- [PROBLEM TO WORK ON]
The listing must be copied out in full and exactly; no images go with it.

- [DATA BELOW]
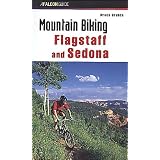 Mountain Biking Flagstaff and Sedona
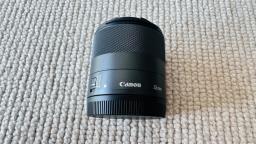 Canon M6 Mark Iimark215-45mm32mm image 6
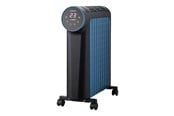 Klimaat, ventilator en airconditioning - Blaupunkt HOR811 - oil radiator - BLAUPUNKT HOR811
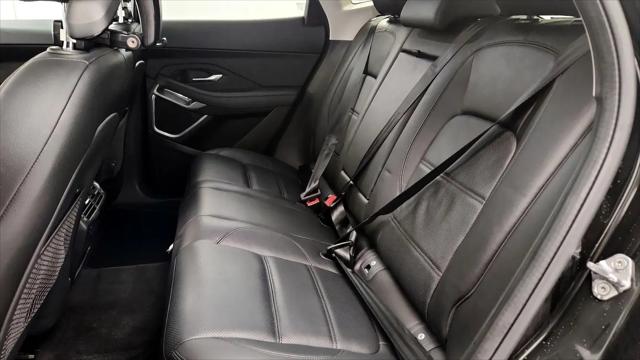 2021 Jaguar E-PACE P250 AWD Automatic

- [THE ANSWER]
 Mountain Biking Flagstaff and Sedona
 Canon M6 Mark Iimark215-45mm32mm image 6
 Klimaat, ventilator en airconditioning - Blaupunkt HOR811 - oil radiator - BLAUPUNKT HOR811
 2021 Jaguar E-PACE P250 AWD Automatic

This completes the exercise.